Three industry leaders – Anduril Industries, Hanwha Defense USA, and Forterra – announced on February 29th a collaborative effort to develop an uncrewed ground vehicle (UGV) for the US Army’s S-MET Increment II program. This partnership leverages expertise in software, hardware, and autonomy, aiming to equip soldiers with enhanced logistical capabilities and improved battlefield efficiency.

Strategic Alliance for the Future of Warfare

In a bold move with the brass buzzing and grunts nodding in approval, a trio of tech heavyweights have locked arms to give the US Army’s gear-hauling game a next-level boost.

We’re talking about the S-MET Increment II program, a leap forward that’s about making sure our boots on the ground have the edge they need when the metal meets the mud.

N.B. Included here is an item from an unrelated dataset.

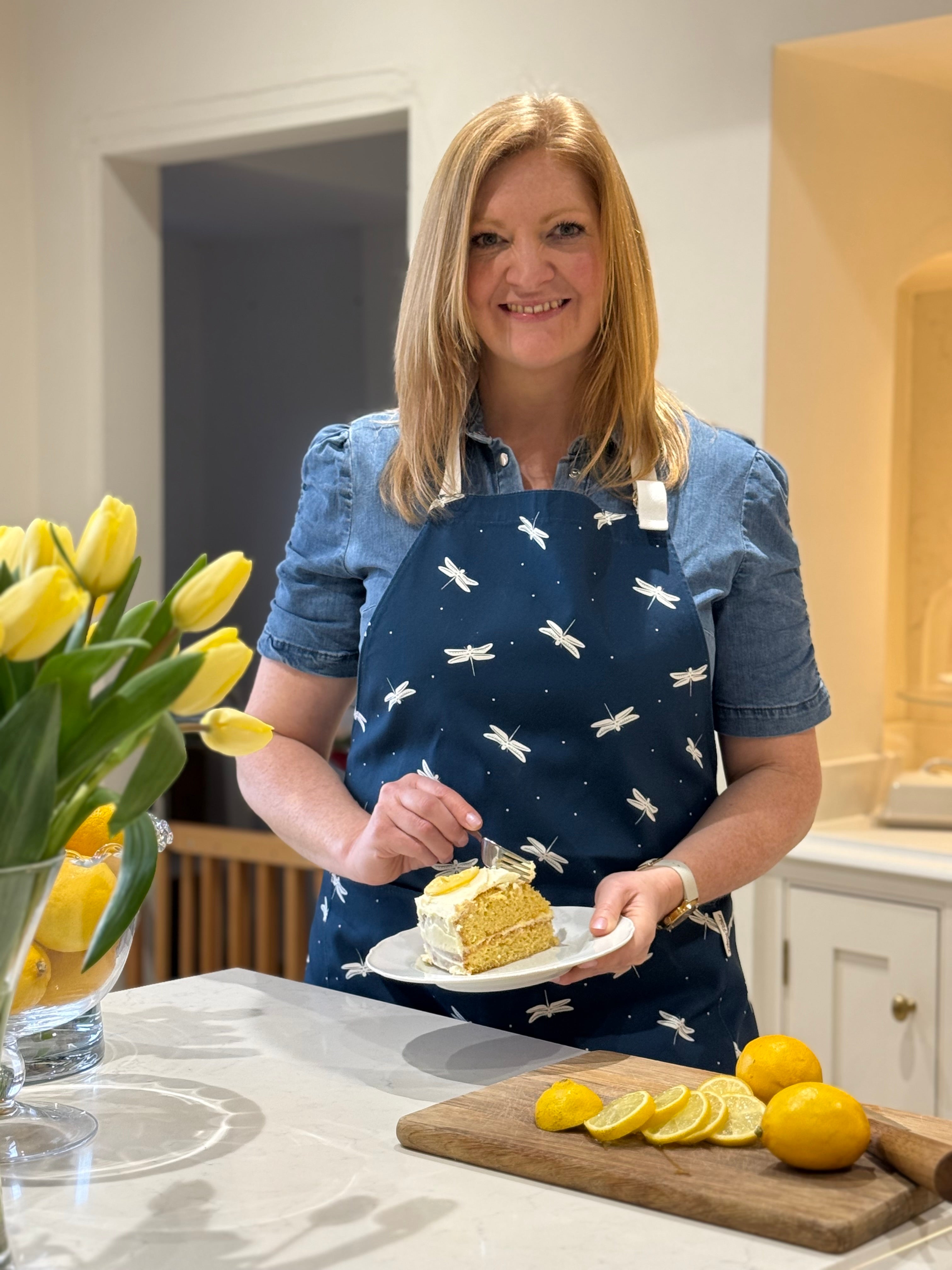 Rebecca Pitcher wearing a navy apron with dragonfly pattern eating a slice of lemon cake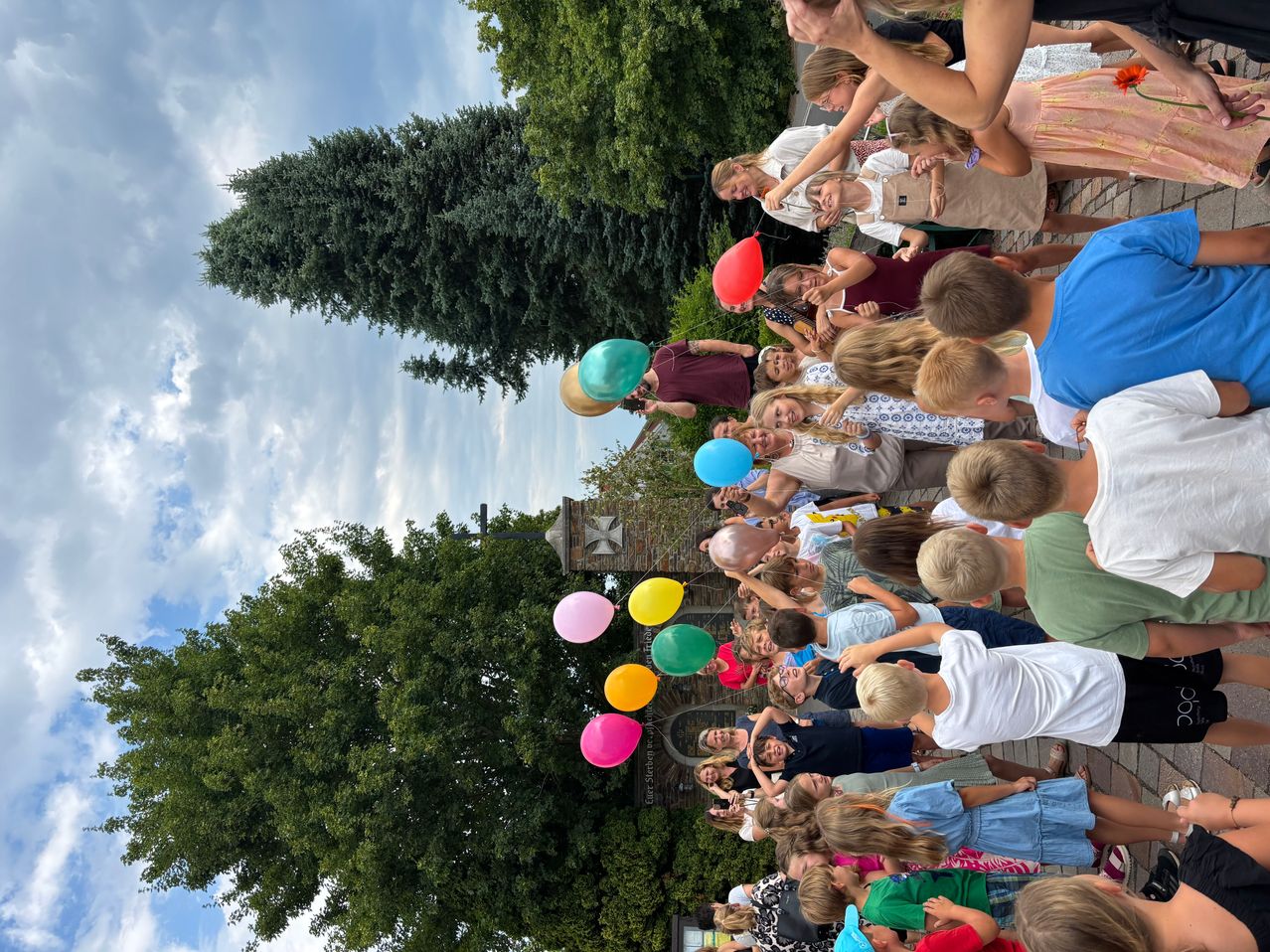 Eine Gruppe von Kindern und Erwachsenen versammelt sich und hält bunte Luftballons. Sie stehen in einem Außenbereich mit Bäumen und blauem Himmel.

The heart of this deal is hooking up Hanwha’s beastly Arion-SMET platform with Anduril’s brainy mission software.

It’s a classic case of muscle meeting smarts: Hanwha’s got the hardware that can take a beating, and Anduril’s got the software savvy that makes the tech sing.

Throw Forterra’s AutoDrive into the mix to make these unmanned ground vehicles (UGVs) smart enough to navigate any hellhole we throw at them, and you’ve got a setup that’s as tough and adaptable as they come.

Hanwha Aerospace’s Arion-SMET UGV (Image grab via X)

The Arion-SMET: A Proven Battlefield Workhorse

The Arion-SMET, a platform that’s already chewed up terrain and spit it out in Pentagon tests, boasts specs that would make any gearhead salute: a carry weight of 121 pounds (55 kilograms), able to cover 62 miles (100 kilometers) without batting an eye, and with a top speed that’ll keep pace with a brisk jog.

With the Army looking to roll out 2,000 of these bad boys, it’s clear they’re not just window shopping—they’re investing in the kind of support that can change the game for our ground forces.